Requirement: How do the lines below between the ones holding "Originele Waterverf Hand" and "1 Photograph of", inclusive, read? Give them again exactly, with no other lines.

(Recorded data)

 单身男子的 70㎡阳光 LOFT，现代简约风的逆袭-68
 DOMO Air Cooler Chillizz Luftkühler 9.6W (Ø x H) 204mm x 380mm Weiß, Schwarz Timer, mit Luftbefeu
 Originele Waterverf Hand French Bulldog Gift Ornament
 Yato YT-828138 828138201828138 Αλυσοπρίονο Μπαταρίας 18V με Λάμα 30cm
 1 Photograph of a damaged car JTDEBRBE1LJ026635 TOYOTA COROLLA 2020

--

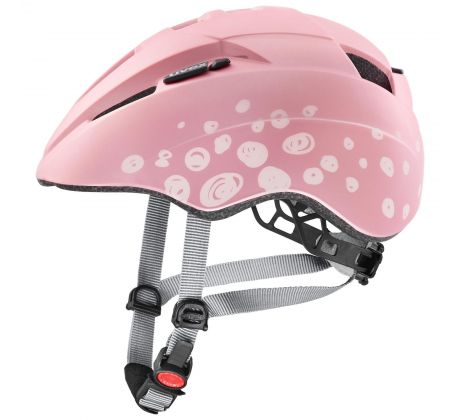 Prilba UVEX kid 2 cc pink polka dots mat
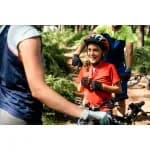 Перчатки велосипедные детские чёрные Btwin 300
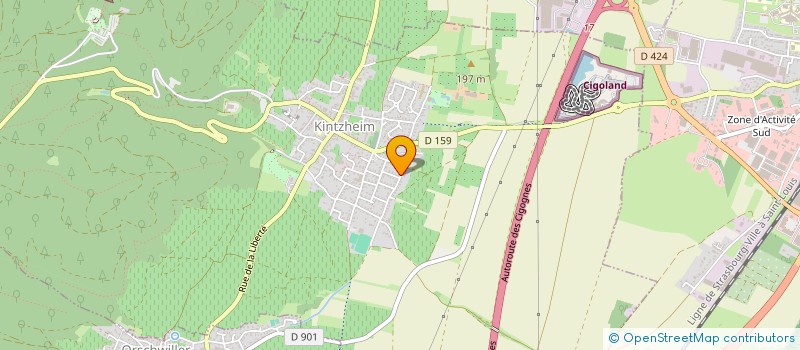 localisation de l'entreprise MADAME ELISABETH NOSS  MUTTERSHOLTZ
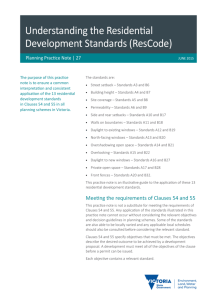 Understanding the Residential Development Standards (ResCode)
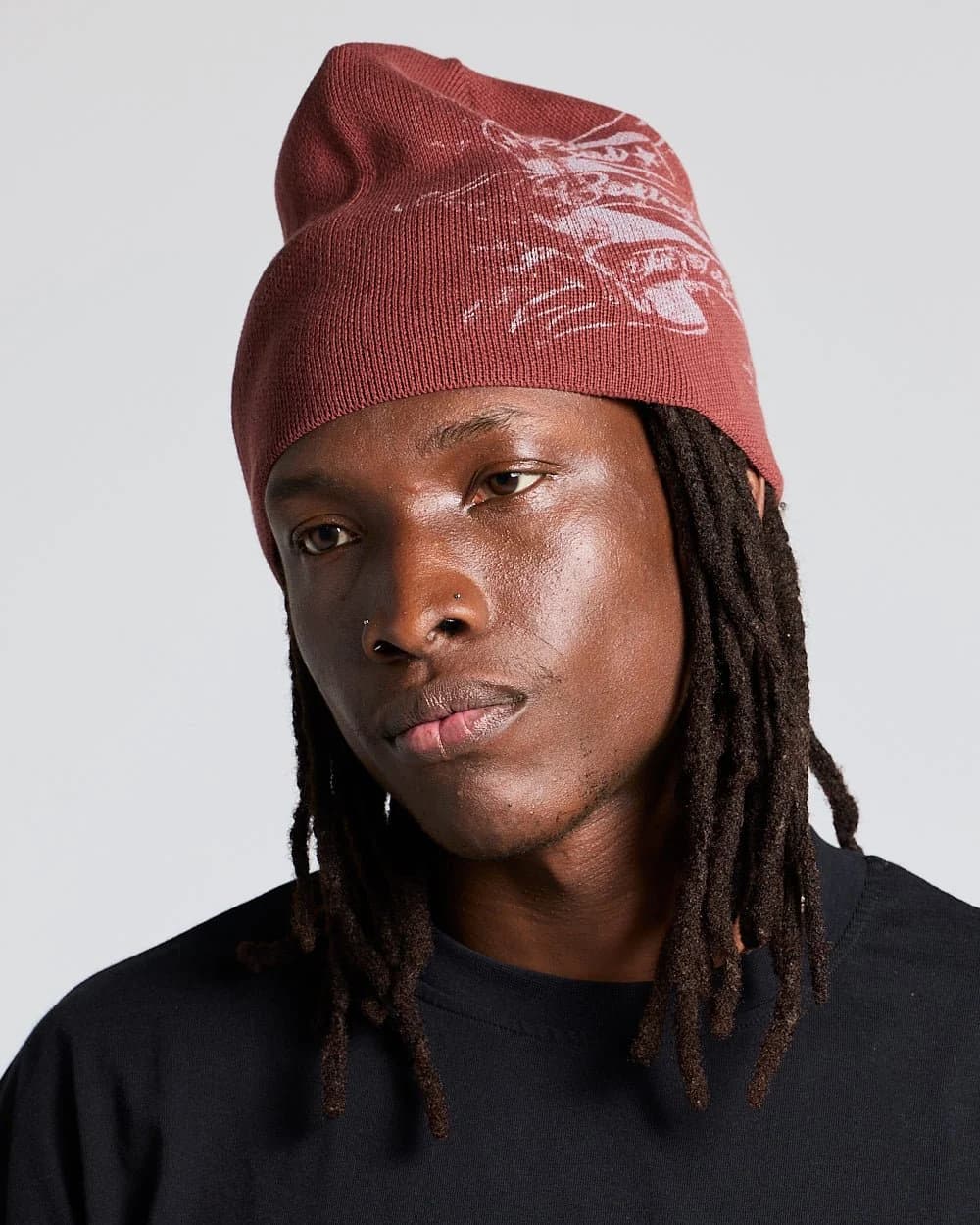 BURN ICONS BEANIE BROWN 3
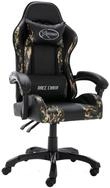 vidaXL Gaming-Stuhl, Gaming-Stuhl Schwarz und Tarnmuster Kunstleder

Response to the exercise:
 Originele Waterverf Hand French Bulldog Gift Ornament
 Yato YT-828138 828138201828138 Αλυσοπρίονο Μπαταρίας 18V με Λάμα 30cm
 1 Photograph of a damaged car JTDEBRBE1LJ026635 TOYOTA COROLLA 2020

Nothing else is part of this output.